(Records from a data collection)
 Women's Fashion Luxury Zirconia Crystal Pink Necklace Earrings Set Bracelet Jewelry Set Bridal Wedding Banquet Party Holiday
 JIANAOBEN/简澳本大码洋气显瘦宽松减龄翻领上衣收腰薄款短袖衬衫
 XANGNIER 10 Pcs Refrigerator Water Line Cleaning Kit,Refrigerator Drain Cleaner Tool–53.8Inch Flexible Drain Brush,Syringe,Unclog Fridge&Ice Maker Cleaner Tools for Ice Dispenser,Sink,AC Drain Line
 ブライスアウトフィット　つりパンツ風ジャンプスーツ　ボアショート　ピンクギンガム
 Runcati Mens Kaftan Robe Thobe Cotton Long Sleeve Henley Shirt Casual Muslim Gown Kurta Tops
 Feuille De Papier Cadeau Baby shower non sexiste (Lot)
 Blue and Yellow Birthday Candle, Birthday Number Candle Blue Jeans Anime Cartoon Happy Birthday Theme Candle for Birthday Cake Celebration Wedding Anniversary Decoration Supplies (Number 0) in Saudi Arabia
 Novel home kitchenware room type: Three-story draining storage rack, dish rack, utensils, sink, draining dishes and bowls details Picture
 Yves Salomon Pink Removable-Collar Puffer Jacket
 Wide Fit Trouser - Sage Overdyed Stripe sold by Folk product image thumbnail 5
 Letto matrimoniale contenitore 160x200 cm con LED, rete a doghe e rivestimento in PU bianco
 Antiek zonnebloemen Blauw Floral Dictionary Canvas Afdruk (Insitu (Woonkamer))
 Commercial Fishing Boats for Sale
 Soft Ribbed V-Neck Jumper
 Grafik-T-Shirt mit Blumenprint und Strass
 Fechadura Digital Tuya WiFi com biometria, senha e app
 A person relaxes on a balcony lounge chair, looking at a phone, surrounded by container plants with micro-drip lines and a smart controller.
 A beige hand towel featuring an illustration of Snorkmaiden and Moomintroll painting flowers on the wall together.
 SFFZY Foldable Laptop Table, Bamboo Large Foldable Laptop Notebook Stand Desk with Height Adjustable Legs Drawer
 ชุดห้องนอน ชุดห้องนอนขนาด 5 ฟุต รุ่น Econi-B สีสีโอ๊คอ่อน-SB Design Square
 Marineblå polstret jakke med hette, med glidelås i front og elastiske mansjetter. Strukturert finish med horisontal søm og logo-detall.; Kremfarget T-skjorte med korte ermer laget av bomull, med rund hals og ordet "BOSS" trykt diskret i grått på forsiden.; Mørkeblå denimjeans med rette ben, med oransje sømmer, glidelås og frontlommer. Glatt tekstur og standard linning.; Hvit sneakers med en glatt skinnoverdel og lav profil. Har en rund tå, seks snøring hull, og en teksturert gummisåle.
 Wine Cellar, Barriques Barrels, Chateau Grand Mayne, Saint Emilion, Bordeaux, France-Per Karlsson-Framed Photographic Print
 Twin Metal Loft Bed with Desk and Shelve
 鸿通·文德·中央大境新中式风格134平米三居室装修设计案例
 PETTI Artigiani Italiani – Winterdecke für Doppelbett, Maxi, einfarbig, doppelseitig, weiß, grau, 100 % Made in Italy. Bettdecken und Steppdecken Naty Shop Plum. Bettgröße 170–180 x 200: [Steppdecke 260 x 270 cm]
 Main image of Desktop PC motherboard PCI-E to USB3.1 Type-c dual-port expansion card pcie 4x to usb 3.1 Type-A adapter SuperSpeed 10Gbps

WHAT TO PRODUCE: In your reply, restate every entry exactly.

SOLUTION TO THE PROBLEM:
 Women's Fashion Luxury Zirconia Crystal Pink Necklace Earrings Set Bracelet Jewelry Set Bridal Wedding Banquet Party Holiday
 JIANAOBEN/简澳本大码洋气显瘦宽松减龄翻领上衣收腰薄款短袖衬衫
 XANGNIER 10 Pcs Refrigerator Water Line Cleaning Kit,Refrigerator Drain Cleaner Tool–53.8Inch Flexible Drain Brush,Syringe,Unclog Fridge&Ice Maker Cleaner Tools for Ice Dispenser,Sink,AC Drain Line
 ブライスアウトフィット　つりパンツ風ジャンプスーツ　ボアショート　ピンクギンガム
 Runcati Mens Kaftan Robe Thobe Cotton Long Sleeve Henley Shirt Casual Muslim Gown Kurta Tops
 Feuille De Papier Cadeau Baby shower non sexiste (Lot)
 Blue and Yellow Birthday Candle, Birthday Number Candle Blue Jeans Anime Cartoon Happy Birthday Theme Candle for Birthday Cake Celebration Wedding Anniversary Decoration Supplies (Number 0) in Saudi Arabia
 Novel home kitchenware room type: Three-story draining storage rack, dish rack, utensils, sink, draining dishes and bowls details Picture
 Yves Salomon Pink Removable-Collar Puffer Jacket
 Wide Fit Trouser - Sage Overdyed Stripe sold by Folk product image thumbnail 5
 Letto matrimoniale contenitore 160x200 cm con LED, rete a doghe e rivestimento in PU bianco
 Antiek zonnebloemen Blauw Floral Dictionary Canvas Afdruk (Insitu (Woonkamer))
 Commercial Fishing Boats for Sale
 Soft Ribbed V-Neck Jumper
 Grafik-T-Shirt mit Blumenprint und Strass
 Fechadura Digital Tuya WiFi com biometria, senha e app
 A person relaxes on a balcony lounge chair, looking at a phone, surrounded by container plants with micro-drip lines and a smart controller.
 A beige hand towel featuring an illustration of Snorkmaiden and Moomintroll painting flowers on the wall together.
 SFFZY Foldable Laptop Table, Bamboo Large Foldable Laptop Notebook Stand Desk with Height Adjustable Legs Drawer
 ชุดห้องนอน ชุดห้องนอนขนาด 5 ฟุต รุ่น Econi-B สีสีโอ๊คอ่อน-SB Design Square
 Marineblå polstret jakke med hette, med glidelås i front og elastiske mansjetter. Strukturert finish med horisontal søm og logo-detall.; Kremfarget T-skjorte med korte ermer laget av bomull, med rund hals og ordet "BOSS" trykt diskret i grått på forsiden.; Mørkeblå denimjeans med rette ben, med oransje sømmer, glidelås og frontlommer. Glatt tekstur og standard linning.; Hvit sneakers med en glatt skinnoverdel og lav profil. Har en rund tå, seks snøring hull, og en teksturert gummisåle.
 Wine Cellar, Barriques Barrels, Chateau Grand Mayne, Saint Emilion, Bordeaux, France-Per Karlsson-Framed Photographic Print
 Twin Metal Loft Bed with Desk and Shelve
 鸿通·文德·中央大境新中式风格134平米三居室装修设计案例
 PETTI Artigiani Italiani – Winterdecke für Doppelbett, Maxi, einfarbig, doppelseitig, weiß, grau, 100 % Made in Italy. Bettdecken und Steppdecken Naty Shop Plum. Bettgröße 170–180 x 200: [Steppdecke 260 x 270 cm]
 Main image of Desktop PC motherboard PCI-E to USB3.1 Type-c dual-port expansion card pcie 4x to usb 3.1 Type-A adapter SuperSpeed 10Gbps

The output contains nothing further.